Class registration database of COM+. The Component Object Model (COM) is a binary standard for writing component software in a distributed systems environment. The Component Services Class Registration Database is backed up and restored with the System State data.

SYSVOL. The system volume provides a default Active Directory location for files that must be shared for common access throughout a domain. The SYSVOL folder on a domain controller contains the following:

  • Net Logon shares. (These usually host logon scripts and policy objects for non-Windows 2000–based network clients.)
  • File system junctions.
  • User logon scripts for Windows 2000 Professional–based clients and clients that are running Windows 95, Windows 98, or Windows NT 4.0.
  • Windows 2000 Group Policy.
  • File replication service (FRS) staging directories and files that are required to be available and synchronized between domain controllers.

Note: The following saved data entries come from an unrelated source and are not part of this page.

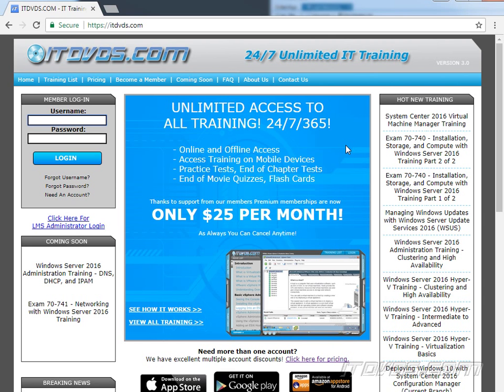This is a sample from our training at ITDVDs.com. If you'd like to learn more, please go to ITDVDs.com.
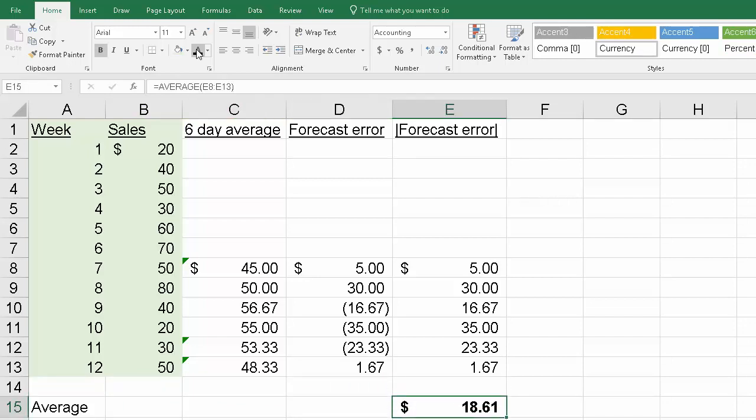The answer, the mean absolute deviation for a six-day moving average for this particular set of data is 18.61. The answer is in dollars because the data was in dollars. I hope you found that helpful.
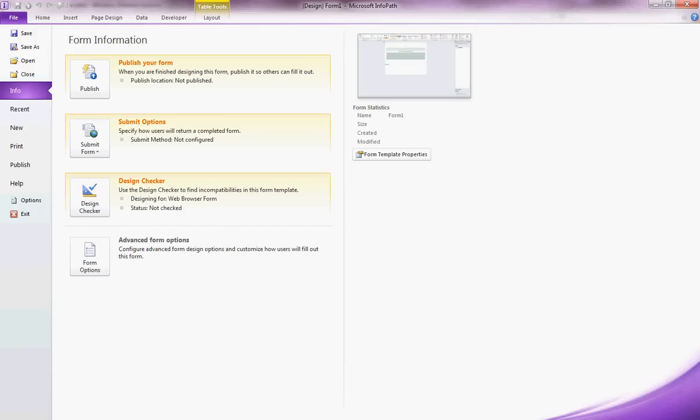Today I'm going to take you through my favorite topic, InfoPath forms, and I'm going to help you get started with InfoPath.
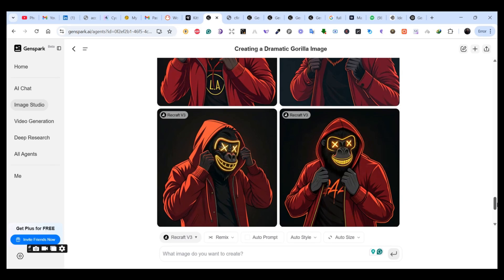That was a quick tutorial on how you can use one platform to generate multiple images and try multiple AI models. GenSpark has many other features like video generation and AI chat models — you can try all of these features using the link in the description. Just sign in for free and you'll get one month free of using GenSpark. If you enjoyed the video, please hit the like button and subscribe for future tutorials.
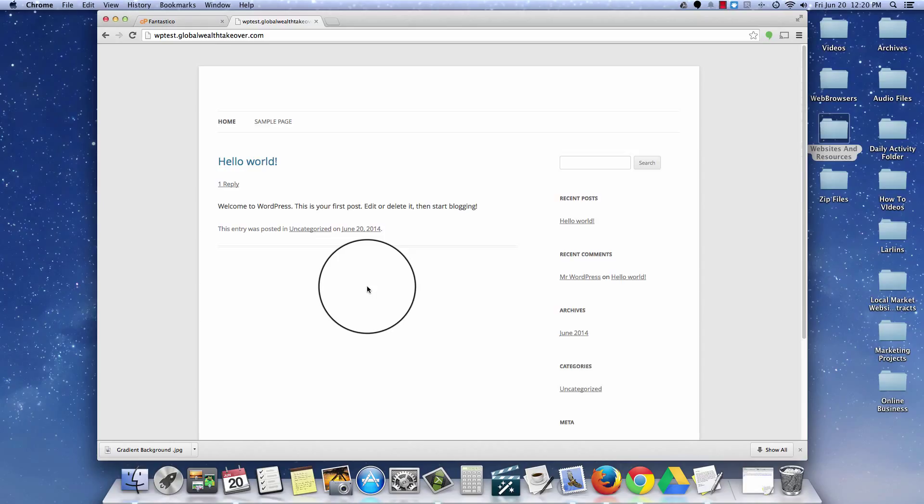Now you log into your WordPress dashboard and you can manipulate your site. So I hope this helps. This is Andrew Newman signing out. Have yourself a fantastic day and I will see you in a future video.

Active Directory.  This includes:

  • Ntds.dit. The Active Directory database.
  • Edb.chk. The checkpoint file.
  • Edb*.log. The transaction logs; each 10 MB in size.
  • Res1.log and Res2.log. Reserved transaction logs.

Note: If you have an Active Directory-integrated DNS, the zone data will be backed up as part of the Active Directory database. If you do not have an Active Directory-integrated DNS, the zone files will have to be backed up explicitly. However if you backup the system disk along with the System State, this data will be backed up as part of the system disk.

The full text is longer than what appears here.